## [WORK TO BE COMPLETED]
Within the entries below, find the portion that opens with the line containing "Tokyosol Tokyo Record" and closes with the line containing "Polyurethane Chair Chrome". Retype that portion exactly and only.

Start of SUPPLIED MATERIAL

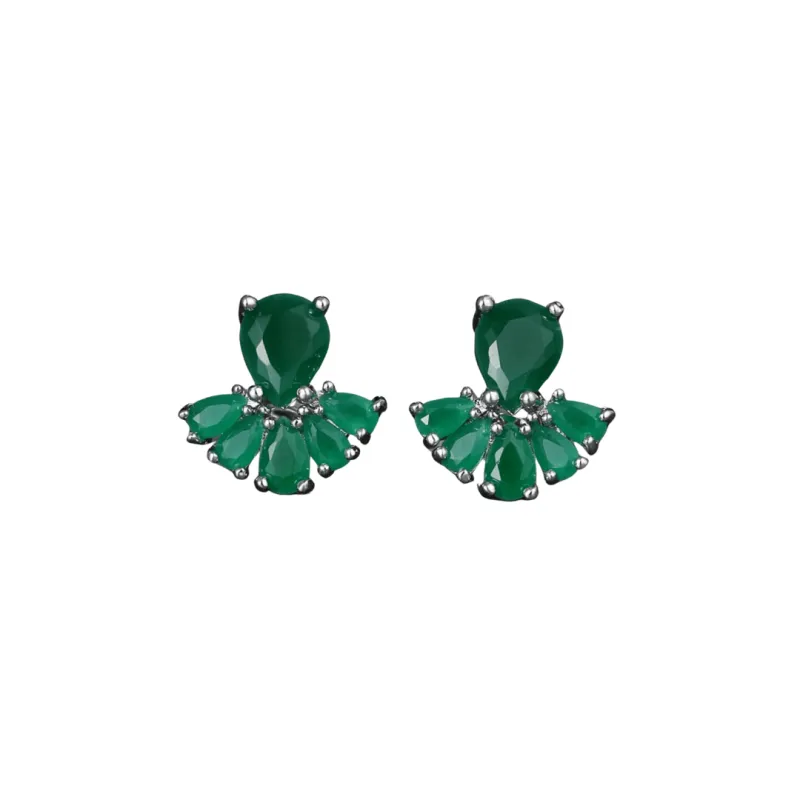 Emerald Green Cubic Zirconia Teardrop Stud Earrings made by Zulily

End of SUPPLIED MATERIAL
Start of SUPPLIED MATERIAL

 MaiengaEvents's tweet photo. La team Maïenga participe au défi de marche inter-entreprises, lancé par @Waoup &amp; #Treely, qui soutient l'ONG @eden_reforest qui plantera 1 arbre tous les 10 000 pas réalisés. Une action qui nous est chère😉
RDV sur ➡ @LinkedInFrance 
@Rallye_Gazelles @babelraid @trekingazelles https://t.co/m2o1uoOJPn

End of SUPPLIED MATERIAL
Start of SUPPLIED MATERIAL

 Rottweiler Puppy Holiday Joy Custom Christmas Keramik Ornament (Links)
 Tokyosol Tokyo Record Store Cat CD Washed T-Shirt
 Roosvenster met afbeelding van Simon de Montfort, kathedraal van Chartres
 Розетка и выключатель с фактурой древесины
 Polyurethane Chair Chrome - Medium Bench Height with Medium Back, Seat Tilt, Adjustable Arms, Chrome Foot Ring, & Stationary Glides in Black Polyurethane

End of SUPPLIED MATERIAL

## [RESPONSE AREA]
 Tokyosol Tokyo Record Store Cat CD Washed T-Shirt
 Roosvenster met afbeelding van Simon de Montfort, kathedraal van Chartres
 Розетка и выключатель с фактурой древесины
 Polyurethane Chair Chrome - Medium Bench Height with Medium Back, Seat Tilt, Adjustable Arms, Chrome Foot Ring, & Stationary Glides in Black Polyurethane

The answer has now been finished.